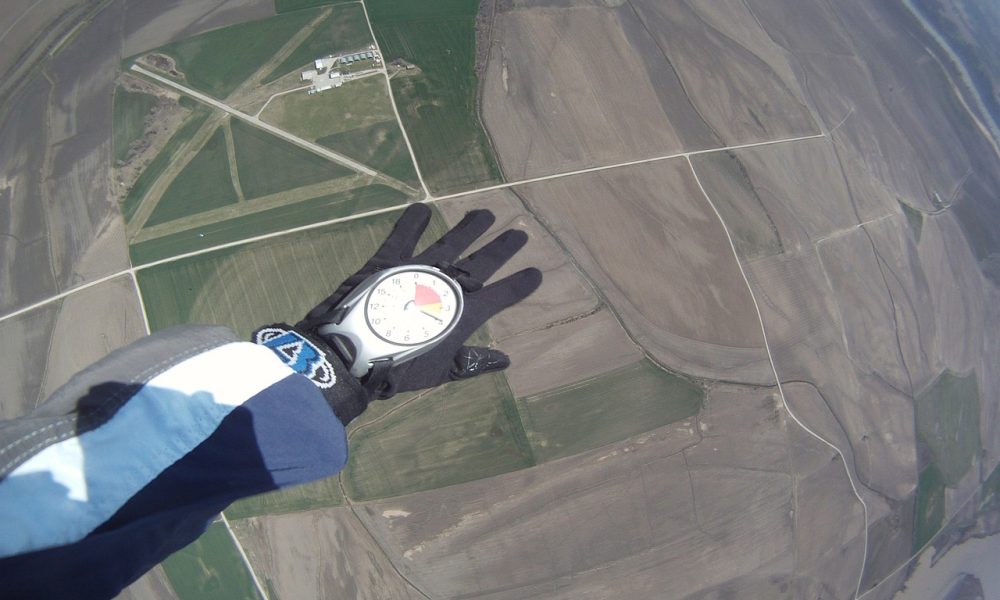 skydiving 270141 1280.jpg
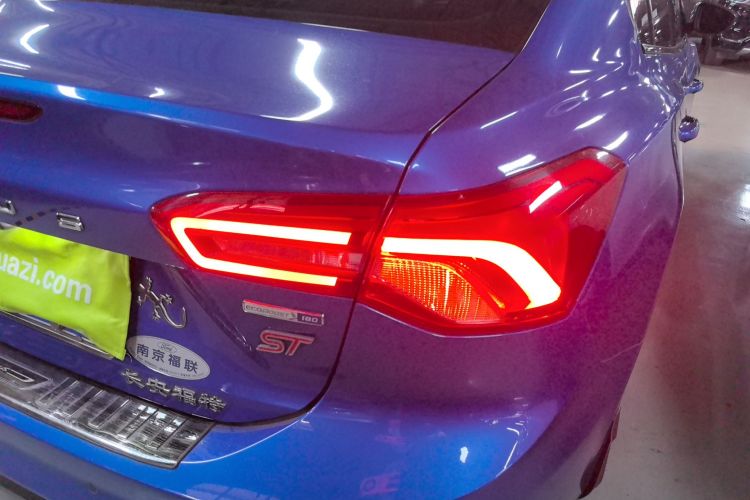 福特 福克斯 2019款 三厢 EcoBoost 180 自动锋耀型车身外观9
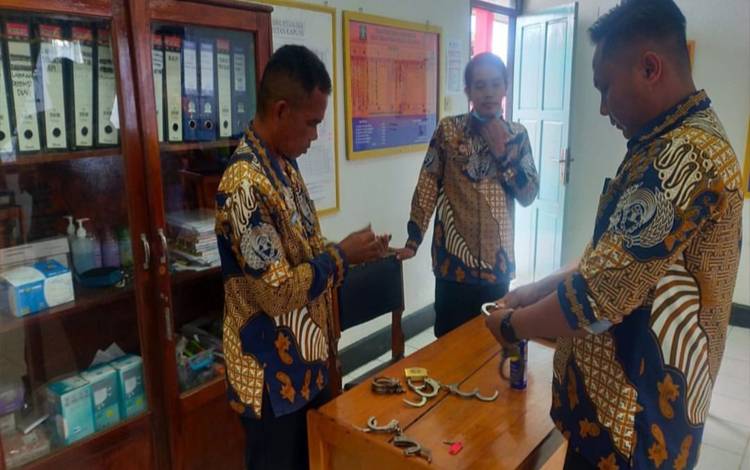 KPR Rutan Kapuas Lakukan Perawatan Borgol Secara Berkala Pastikan Berfungsi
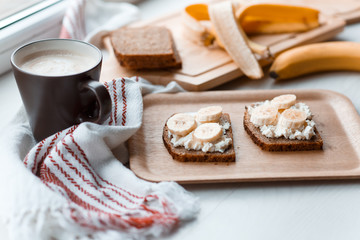 sandwich with banana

-------------------------

→ WHAT YOU SHOULD DO
Starting at the line that holds "KPR Rutan Kapuas", copy each line exactly through the end of the material above, keeping both ends and dropping the pictures.

→ RESULT FOR THIS EXERCISE
 KPR Rutan Kapuas Lakukan Perawatan Borgol Secara Berkala Pastikan Berfungsi
 sandwich with banana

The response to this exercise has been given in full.